The equipment provider claimed that our trucking company
client was required to indemnify the provider for the
provider’s own fault pursuant to the provisions
of an industry standard intermodal agreement. The provider
claimed that Maryland law controlled. The court held that
Texas – not Maryland – law controlled; that
the indemnity language did not satisfy the “express
negligence” requirement set forth in Ethyl Corp.
v. Daniel Const. Co., 725 S.W.2d 705 (Tex. 1987); and
that our trucking company client was not required, and
did not agree, to indemnify the provider for the provider’s
own fault.The firm recently won an arbitration award for
one of our firm's oil and gas clients. One of our client's
sales representatives left the company and sought to join
a competitor. The sales representative claimed that he
had been fraudulently induced to sign a contract with
our client that included a covenant not to compete, and
alleged that, even if the contract was valid, the covenant
not to compete was unenforceable for other reasons. The
arbitration panel entered an award enforcing the contract
and the covenant not to compete that ran in favor of our
client.
In a recent mandamus action, Bob Shults
successfully obtained an appellate court ruling sustaining
objections to overly broad discovery requests submitted
in an insurance coverage case. In its published opinion,
the Beaumont Court of Appeals found that “[h]aving
to produce overbroad discovery that is almost unlimited
in time, to produce in response to vague requests that
are not reasonably specific, or to produce attorney work
product as a consequence of a hearing where the attorney
work product privilege was not properly before the [trial]
court would result in time, labor, and money spent on
improper production that could not be retrieved.”
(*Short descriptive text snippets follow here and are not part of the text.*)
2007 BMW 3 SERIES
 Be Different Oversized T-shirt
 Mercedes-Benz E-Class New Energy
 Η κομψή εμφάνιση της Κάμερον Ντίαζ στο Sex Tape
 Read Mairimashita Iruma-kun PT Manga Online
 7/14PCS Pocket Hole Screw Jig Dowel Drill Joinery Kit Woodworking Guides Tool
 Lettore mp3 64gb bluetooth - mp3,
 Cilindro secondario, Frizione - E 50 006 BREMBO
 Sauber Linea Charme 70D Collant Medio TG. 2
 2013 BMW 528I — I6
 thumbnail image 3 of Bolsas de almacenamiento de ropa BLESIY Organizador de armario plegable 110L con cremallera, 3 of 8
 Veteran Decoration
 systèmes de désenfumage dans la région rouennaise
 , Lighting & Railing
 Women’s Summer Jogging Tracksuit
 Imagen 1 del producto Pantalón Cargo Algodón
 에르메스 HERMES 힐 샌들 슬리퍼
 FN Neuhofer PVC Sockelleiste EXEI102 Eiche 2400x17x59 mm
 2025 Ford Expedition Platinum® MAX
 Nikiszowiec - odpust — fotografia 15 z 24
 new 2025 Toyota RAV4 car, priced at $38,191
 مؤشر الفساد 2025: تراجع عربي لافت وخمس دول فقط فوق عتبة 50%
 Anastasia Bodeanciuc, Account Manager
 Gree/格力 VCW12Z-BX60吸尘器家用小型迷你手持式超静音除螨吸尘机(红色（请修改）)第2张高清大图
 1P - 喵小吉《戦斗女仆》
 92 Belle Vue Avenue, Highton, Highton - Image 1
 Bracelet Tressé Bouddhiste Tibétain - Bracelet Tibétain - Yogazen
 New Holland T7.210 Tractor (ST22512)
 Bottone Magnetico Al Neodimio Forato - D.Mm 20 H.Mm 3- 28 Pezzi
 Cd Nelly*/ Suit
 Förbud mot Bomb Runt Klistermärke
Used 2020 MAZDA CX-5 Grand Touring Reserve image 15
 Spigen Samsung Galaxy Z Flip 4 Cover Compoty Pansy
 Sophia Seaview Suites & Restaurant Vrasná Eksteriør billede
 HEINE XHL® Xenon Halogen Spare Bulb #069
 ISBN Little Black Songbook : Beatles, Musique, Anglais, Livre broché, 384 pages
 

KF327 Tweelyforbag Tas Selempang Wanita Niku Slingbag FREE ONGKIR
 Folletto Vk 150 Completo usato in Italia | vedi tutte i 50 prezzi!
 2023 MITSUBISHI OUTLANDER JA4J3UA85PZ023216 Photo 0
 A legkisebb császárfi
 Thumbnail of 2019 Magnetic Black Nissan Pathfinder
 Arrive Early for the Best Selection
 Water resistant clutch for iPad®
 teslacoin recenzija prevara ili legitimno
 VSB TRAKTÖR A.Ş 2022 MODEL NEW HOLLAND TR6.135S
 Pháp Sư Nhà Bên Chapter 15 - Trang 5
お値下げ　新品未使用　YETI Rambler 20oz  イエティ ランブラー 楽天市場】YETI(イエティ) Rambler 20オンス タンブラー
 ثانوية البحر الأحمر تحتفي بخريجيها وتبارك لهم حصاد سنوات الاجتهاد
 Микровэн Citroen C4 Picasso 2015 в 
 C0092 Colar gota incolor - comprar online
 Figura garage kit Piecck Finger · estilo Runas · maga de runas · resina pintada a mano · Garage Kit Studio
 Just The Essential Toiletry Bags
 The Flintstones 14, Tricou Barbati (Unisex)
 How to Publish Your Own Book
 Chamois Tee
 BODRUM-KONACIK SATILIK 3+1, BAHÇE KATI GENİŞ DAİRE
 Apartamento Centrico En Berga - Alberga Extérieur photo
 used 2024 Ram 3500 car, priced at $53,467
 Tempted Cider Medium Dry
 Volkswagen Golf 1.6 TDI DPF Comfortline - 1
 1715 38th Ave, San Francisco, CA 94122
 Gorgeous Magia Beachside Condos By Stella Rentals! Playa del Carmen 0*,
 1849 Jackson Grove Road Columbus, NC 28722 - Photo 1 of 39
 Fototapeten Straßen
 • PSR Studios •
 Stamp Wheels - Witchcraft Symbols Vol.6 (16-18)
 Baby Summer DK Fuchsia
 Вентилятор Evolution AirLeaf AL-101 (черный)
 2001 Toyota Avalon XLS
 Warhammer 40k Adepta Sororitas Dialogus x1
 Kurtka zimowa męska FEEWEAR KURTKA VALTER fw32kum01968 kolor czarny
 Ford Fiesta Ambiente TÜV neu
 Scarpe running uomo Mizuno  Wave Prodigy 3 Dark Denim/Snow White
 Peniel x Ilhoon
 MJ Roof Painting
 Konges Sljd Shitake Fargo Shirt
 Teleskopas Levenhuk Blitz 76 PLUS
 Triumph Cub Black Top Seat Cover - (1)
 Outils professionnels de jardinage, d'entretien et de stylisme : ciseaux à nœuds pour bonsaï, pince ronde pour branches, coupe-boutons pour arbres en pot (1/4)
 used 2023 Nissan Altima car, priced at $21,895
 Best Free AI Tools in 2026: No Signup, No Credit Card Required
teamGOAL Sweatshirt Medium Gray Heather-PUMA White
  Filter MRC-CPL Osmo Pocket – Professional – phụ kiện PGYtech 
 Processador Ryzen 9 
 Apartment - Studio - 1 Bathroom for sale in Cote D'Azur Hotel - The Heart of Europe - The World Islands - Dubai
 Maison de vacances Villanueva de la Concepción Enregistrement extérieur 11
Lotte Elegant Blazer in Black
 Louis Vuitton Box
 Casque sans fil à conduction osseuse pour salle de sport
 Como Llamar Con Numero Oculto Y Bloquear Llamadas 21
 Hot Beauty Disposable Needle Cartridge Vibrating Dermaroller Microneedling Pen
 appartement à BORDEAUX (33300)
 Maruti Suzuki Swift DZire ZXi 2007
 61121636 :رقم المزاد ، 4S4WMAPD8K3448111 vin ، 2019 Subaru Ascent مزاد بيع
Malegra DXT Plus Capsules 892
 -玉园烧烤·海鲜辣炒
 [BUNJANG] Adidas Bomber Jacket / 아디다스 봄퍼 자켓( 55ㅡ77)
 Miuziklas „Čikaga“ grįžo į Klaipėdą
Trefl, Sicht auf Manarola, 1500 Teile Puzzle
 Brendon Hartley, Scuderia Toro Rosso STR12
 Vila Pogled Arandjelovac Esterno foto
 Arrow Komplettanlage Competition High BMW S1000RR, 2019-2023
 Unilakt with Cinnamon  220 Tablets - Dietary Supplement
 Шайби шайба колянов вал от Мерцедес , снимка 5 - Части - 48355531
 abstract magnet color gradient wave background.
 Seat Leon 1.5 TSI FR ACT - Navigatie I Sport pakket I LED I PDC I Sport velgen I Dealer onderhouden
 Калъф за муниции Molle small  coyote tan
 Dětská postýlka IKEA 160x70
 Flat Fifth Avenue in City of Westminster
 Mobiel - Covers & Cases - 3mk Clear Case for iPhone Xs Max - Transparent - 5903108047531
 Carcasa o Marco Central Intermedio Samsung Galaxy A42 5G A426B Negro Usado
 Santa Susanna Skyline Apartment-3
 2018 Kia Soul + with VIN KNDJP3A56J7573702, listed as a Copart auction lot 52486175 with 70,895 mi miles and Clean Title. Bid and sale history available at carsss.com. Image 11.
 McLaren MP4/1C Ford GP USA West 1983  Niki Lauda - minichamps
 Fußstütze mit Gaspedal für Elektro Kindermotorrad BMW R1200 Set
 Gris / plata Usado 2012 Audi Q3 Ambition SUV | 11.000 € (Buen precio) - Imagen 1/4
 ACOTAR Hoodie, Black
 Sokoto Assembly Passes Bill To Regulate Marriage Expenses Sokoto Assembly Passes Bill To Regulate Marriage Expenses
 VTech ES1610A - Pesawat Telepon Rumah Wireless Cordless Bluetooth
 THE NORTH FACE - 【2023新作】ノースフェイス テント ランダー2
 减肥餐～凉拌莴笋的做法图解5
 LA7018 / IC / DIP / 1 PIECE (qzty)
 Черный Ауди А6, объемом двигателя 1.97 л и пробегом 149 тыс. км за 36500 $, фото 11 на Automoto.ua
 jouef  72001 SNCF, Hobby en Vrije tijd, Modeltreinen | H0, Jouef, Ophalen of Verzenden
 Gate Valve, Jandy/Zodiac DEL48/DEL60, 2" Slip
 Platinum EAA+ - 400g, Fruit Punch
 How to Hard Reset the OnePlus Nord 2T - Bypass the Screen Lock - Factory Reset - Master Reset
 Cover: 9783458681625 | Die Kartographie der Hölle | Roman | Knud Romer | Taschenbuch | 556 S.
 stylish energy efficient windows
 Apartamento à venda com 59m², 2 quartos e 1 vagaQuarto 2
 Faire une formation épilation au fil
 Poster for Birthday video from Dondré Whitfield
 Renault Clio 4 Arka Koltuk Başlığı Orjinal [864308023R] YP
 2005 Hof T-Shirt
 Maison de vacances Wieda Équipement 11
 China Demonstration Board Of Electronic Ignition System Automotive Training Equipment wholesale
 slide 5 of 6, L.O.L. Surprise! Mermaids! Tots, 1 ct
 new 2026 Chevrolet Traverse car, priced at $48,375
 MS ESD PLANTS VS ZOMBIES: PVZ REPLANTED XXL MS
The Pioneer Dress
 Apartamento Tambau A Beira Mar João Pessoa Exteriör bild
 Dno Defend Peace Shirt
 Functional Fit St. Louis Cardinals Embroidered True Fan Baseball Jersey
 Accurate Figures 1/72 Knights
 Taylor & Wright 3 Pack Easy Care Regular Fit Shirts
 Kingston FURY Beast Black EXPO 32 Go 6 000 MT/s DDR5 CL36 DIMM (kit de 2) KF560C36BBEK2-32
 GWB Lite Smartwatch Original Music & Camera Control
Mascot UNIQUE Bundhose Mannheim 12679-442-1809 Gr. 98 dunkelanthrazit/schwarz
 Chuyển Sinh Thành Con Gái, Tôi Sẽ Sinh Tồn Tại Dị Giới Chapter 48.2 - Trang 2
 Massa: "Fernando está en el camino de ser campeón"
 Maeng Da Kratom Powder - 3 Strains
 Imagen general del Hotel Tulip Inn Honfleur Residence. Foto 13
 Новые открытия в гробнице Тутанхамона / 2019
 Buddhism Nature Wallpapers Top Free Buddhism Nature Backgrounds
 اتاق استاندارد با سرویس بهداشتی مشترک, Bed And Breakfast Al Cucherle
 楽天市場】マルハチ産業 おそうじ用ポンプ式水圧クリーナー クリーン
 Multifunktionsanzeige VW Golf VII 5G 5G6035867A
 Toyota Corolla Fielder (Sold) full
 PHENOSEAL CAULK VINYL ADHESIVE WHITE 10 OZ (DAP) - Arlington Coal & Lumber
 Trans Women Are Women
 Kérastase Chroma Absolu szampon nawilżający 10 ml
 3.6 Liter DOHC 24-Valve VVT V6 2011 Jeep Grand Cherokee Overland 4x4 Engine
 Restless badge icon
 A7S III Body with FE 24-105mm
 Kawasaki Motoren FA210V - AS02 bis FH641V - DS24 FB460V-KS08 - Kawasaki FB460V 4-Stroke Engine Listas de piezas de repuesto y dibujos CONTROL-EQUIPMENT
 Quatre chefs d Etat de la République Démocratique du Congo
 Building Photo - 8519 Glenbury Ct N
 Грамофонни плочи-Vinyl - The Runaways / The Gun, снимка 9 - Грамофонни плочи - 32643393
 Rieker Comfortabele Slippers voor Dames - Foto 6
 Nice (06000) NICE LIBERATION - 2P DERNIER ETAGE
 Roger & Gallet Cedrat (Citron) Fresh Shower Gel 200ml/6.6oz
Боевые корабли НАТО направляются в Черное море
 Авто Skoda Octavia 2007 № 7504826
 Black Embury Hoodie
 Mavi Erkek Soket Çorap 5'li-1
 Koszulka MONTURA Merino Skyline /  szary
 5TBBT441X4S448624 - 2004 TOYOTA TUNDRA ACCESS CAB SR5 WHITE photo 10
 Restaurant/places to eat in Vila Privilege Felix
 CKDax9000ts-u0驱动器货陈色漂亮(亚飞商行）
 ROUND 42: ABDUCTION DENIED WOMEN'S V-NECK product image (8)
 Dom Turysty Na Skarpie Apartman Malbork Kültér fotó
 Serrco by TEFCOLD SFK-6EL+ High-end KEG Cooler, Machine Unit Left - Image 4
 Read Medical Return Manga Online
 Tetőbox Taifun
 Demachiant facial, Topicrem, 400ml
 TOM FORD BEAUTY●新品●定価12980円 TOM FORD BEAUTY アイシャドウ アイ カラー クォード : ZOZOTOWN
The opinion is published as In re TIG Insurance Company,
172 S.W.3d 160 (Tex. App.--Beaumont 2005, no pet.). The
win is featured in the August 26, 2005 edition of the
Andrews Asbestos Litigation Reporter.
Bob Shults obtained summary judgment
on behalf of the firm’s client, a major insurer,
in an insurance coverage claim. The plaintiff sued the
firm’s client for defense and indemnity in the underlying
mold litigation. Our attorneys argued that whether the
court used the “manifestation” or “exposure”
trigger theory, no coverage existed under the insurer/client’s
policies. Furthermore, Texas law bars purchasers of real
property from asserting claims for property damage that
occurred before the purchaser owned the property. Bob
Shults is handling the plaintiff's subsequent appeal.
Bob Shults won a major insurance coverage
case recently in federal court in Amarillo. A pest control
company won a large verdict against a similar company
for allegedly lying about the plaintiff company on TV
and charging that it was under investigation by state
officials. The parties then did a “sweetheart deal”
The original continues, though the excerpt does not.